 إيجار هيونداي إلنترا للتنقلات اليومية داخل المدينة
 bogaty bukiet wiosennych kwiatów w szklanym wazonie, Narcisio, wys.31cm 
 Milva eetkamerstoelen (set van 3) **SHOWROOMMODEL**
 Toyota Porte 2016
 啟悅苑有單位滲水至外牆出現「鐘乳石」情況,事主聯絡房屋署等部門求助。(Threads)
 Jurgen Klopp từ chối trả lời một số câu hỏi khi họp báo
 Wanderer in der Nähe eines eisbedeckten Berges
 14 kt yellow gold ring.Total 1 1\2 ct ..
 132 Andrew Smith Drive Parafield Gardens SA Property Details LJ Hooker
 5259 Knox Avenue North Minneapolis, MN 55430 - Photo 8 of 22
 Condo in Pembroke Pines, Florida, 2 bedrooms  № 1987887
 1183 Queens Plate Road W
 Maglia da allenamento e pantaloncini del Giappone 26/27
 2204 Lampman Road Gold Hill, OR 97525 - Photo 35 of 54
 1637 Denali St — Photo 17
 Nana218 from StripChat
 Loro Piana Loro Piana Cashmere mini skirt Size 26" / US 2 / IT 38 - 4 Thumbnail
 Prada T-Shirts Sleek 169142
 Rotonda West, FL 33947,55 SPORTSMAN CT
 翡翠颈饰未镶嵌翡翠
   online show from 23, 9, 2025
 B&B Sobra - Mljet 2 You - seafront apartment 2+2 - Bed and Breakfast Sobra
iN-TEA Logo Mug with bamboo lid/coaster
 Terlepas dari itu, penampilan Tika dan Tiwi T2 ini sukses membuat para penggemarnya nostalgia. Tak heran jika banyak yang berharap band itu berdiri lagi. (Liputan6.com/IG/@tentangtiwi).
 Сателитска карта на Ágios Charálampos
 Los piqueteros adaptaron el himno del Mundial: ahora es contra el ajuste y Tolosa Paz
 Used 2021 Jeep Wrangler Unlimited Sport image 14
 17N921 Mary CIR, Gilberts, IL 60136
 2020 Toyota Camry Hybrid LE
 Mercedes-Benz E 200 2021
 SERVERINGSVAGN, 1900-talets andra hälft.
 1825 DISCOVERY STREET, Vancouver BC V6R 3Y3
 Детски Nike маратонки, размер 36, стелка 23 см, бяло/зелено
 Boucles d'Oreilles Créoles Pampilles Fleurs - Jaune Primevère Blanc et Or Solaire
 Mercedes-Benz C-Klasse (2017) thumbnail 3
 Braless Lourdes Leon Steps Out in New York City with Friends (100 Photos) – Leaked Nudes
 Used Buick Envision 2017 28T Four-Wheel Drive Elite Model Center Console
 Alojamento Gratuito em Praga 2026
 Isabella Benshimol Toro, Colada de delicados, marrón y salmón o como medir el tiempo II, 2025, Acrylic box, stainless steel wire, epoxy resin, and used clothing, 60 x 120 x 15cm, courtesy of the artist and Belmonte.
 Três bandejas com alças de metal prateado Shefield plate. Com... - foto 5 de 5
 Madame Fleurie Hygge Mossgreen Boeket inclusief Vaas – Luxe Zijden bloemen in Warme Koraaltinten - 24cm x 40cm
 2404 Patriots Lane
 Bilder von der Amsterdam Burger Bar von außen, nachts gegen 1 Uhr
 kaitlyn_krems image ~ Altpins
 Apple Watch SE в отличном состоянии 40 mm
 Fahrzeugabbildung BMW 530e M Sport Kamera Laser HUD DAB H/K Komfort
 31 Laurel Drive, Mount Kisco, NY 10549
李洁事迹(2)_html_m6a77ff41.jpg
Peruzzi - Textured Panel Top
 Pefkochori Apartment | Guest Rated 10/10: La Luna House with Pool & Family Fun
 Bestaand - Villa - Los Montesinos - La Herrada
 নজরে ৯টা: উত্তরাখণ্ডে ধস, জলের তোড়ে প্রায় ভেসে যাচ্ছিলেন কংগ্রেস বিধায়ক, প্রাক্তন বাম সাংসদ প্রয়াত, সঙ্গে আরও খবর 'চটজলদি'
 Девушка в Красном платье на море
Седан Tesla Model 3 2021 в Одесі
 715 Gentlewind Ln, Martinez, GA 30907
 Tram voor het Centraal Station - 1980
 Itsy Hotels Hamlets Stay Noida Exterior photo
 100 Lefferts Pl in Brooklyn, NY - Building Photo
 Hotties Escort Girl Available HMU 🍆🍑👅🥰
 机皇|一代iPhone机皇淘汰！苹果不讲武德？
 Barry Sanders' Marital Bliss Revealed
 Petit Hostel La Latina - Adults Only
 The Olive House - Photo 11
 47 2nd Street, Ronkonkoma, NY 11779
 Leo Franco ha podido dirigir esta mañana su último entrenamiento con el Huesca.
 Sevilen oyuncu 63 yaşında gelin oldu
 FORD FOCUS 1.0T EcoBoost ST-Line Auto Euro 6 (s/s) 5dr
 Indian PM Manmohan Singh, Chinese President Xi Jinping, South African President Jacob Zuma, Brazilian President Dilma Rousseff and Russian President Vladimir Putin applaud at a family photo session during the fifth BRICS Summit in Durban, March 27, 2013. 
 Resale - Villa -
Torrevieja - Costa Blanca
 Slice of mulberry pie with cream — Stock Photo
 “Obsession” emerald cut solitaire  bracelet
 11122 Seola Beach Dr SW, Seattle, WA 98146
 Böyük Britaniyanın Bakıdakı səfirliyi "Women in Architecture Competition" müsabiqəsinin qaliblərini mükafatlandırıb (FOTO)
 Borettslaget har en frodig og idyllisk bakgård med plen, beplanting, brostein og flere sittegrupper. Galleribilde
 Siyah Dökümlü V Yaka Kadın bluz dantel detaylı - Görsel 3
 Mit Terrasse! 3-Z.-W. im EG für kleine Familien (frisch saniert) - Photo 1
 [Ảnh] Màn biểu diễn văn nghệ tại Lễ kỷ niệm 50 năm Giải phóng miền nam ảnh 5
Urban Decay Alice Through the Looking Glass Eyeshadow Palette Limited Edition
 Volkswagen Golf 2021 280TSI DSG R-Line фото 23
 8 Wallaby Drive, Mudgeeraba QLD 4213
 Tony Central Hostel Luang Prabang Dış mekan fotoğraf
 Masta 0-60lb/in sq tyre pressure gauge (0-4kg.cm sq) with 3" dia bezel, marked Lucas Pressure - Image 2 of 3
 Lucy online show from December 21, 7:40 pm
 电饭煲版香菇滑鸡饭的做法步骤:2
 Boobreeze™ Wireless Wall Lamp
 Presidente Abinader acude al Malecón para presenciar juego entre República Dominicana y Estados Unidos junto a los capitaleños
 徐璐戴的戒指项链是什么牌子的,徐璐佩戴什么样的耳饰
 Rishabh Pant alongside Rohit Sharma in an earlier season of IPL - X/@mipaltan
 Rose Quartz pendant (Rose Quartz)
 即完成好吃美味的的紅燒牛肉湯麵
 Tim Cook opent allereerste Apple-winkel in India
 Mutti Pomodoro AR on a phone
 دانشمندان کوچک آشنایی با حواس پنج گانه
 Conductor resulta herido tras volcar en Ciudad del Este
----------
Work task
Look back at the data above. Transcribe exactly the lines starting at the line that contains "Urban Decay Alice" and ending at the line that contains "Boobreeze™ Wireless Wall Lamp".

Completed exercise
Urban Decay Alice Through the Looking Glass Eyeshadow Palette Limited Edition
 Volkswagen Golf 2021 280TSI DSG R-Line фото 23
 8 Wallaby Drive, Mudgeeraba QLD 4213
 Tony Central Hostel Luang Prabang Dış mekan fotoğraf
 Masta 0-60lb/in sq tyre pressure gauge (0-4kg.cm sq) with 3" dia bezel, marked Lucas Pressure - Image 2 of 3
 Lucy online show from December 21, 7:40 pm
 电饭煲版香菇滑鸡饭的做法步骤:2
 Boobreeze™ Wireless Wall Lamp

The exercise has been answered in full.